Folgen des Konflikts für Afrika
Vor diesem Hintergrund hat Russlands Invasion in der Ukraine mindestens drei Konsequenzen für die künftigen Beziehungen mit Afrika. Erstens ist der Krieg ein weiterer Beleg dafür, dass heutige Konflikte – ob zwischen- oder innerstaatlich – weitgehend von materiellen Faktoren angetrieben werden, die gelegentlich von Identitätspolitik überdeckt werden.
Zweitens verstärken die starken Reaktionen der NATO und der EU zur Unterstützung der Ukraine – obwohl das Land weder da noch dort Mitglied ist – die von afrikanischen Politiker*innen seit langem bestehende Auffassung, dass regionale Krisen am besten von regionalen Akteuren in der Nachbarschaft des Konflikts gelöst werden sollten. Insbesondere im Vorfeld der von der NATO geführten Militärkampagne, die zum Sturz des früheren libyschen Staatsoberhaupts Muammar al-Gaddafi geführt hatte, war diese Position immer wieder betont worden.
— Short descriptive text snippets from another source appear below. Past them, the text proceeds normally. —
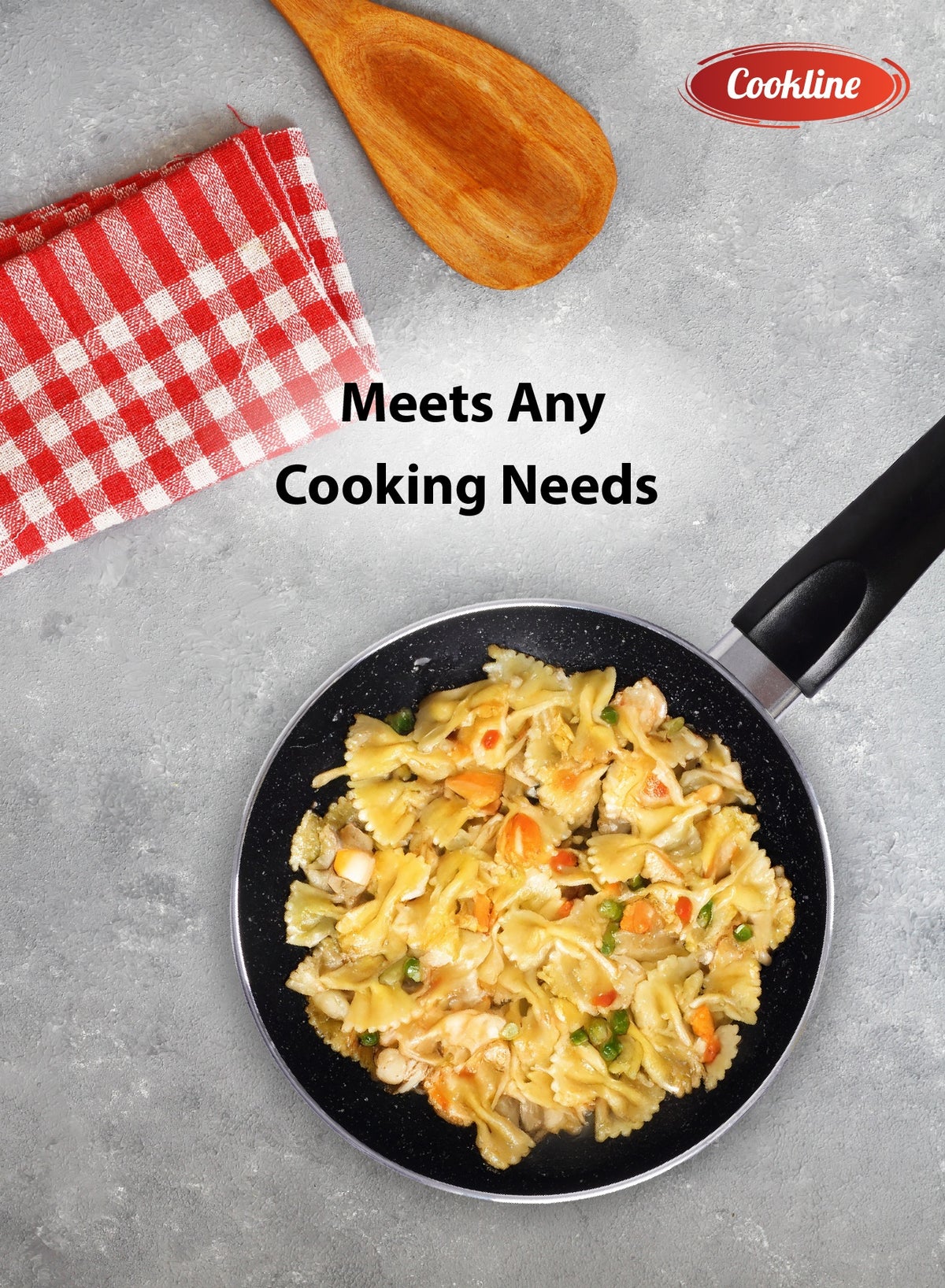Pressed Aluminum Nonstick Fry Pan with Induction Bottom 20cm, Black with White D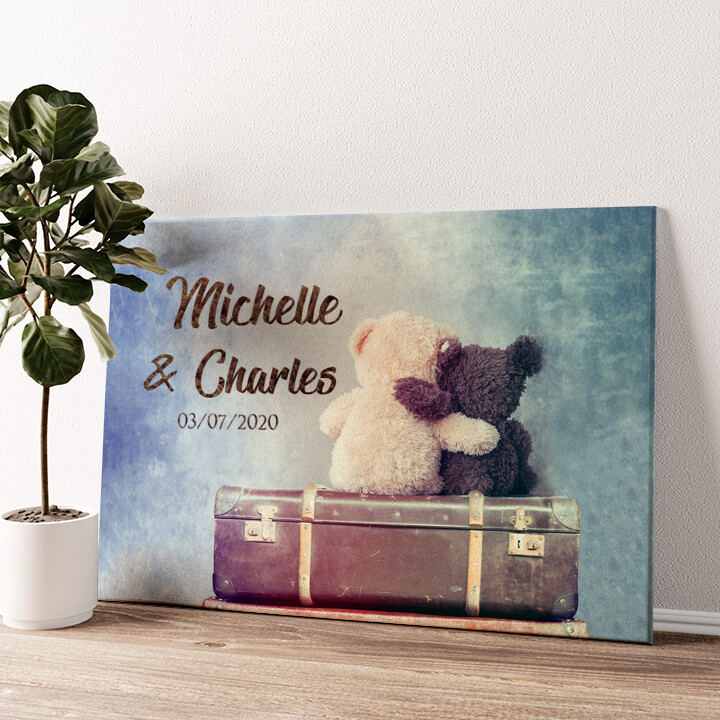 Personalized canvas print Teddy Bears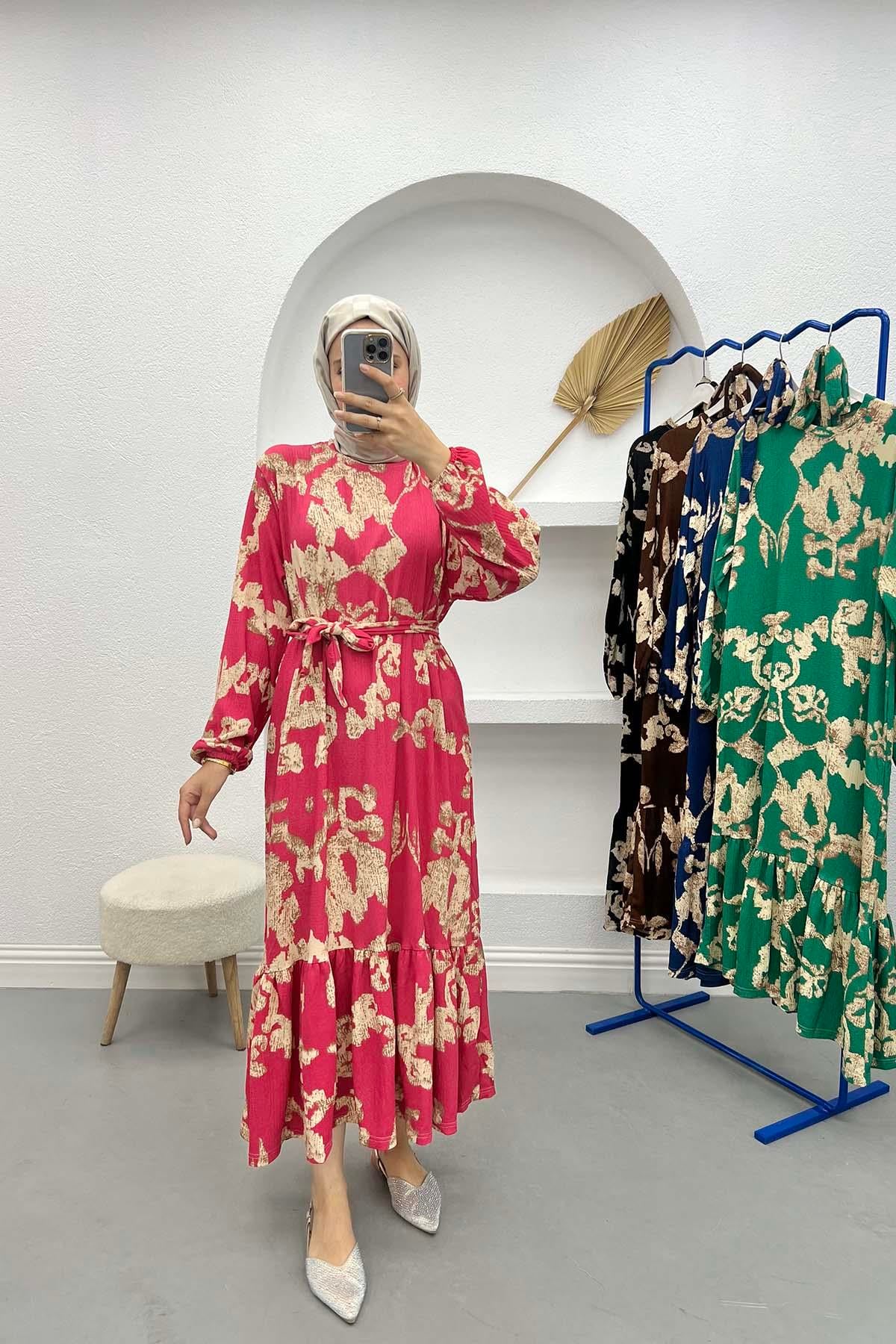 Batik Desen Elbise Fuşya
Mit anderen Worten: Europäische Probleme brauchen europäische Lösungen!
Das bedeutet aber auch, dass die AU sowie subregionale Organisationen wie die westafrikanische Wirtschaftsgemeinschaft ECOWAS und die zwischenstaatliche Entwicklungsbehörde IGAD weniger Gegenwehr erwarten sollten, wenn sie die Führung bei der Lösung von Konflikten in ihrer Region übernehmen wollen. Gleichzeitig sollten sie aber auch wichtige Lehren aus dem schnellen Handeln der NATO zum Schutz „ihrer eigenen“ Bündnispartner ziehen.
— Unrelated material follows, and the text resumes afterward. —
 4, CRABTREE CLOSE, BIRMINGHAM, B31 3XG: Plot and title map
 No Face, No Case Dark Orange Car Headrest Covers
Schließlich erinnert der Russland-Ukraine-Konflikt daran, dass selbst in einer vermeintlich multilateralen Welt internationale Antworten auf politische und wirtschaftliche Herausforderungen eher durch geostrategisches Kalkül als durch philanthropische Ideale geprägt sind.
Die mediale, politische und diplomatische Aufmerksamkeit, die der Ukraine während der Invasion zuteil wurde, geht weit über jene hinaus, die ähnlichen Konflikten in Subsahara-Afrika und anderen Teilen der Welt zuteil wurde. Das ist ein Beleg dafür, dass wir in einer Welt leben, in der tatsächlich jeder Kontinent oder jede Subregion auf sich alleine gestellt ist. (Ende)
1) Martha Kiiza Bakwesegha-Osula ist Beraterin für globale Politik und Friedensförderung am Life and Peace Institute in Nairobi, Kenia. Die in diesem Artikel geäußerten Ansichten und Meinungen entsprechen der persönlichen Meinung der Autorin und können nicht Personen, Institutionen und Organisationen zugeschrieben werden, mit denen die Autorin möglicherweise in persönlicher oder beruflicher Verbindung steht.
2) Über das Handelsvolumen zwischen Afrika und Russland gibt es unterschiedliche Angaben. Die Ecofin Agency beruft sich auf Angaben der Trade Map der WTO und nennt für das Jahr 2020 Importe aus Russland in Höhe von 12,4 Mrd. US-Dollar und afrikanische Exporte in Höhe von 1,6 Mrd. US-Dollar. Russlands Anteil am gesamten Handelsvolumen Afrikas liegt damit bei 2,4% - jener von China bei 19,6%. In einem Interview mit der russischen Nachrichtenagentur TASS spricht Benedict Oramah, Präsident der Afreximbank, von Importen aus Russland in Höhe von bis zu 14 Mrd. US-Dollar und Exporten in Höhe von fünf Mrd. US-Dollar.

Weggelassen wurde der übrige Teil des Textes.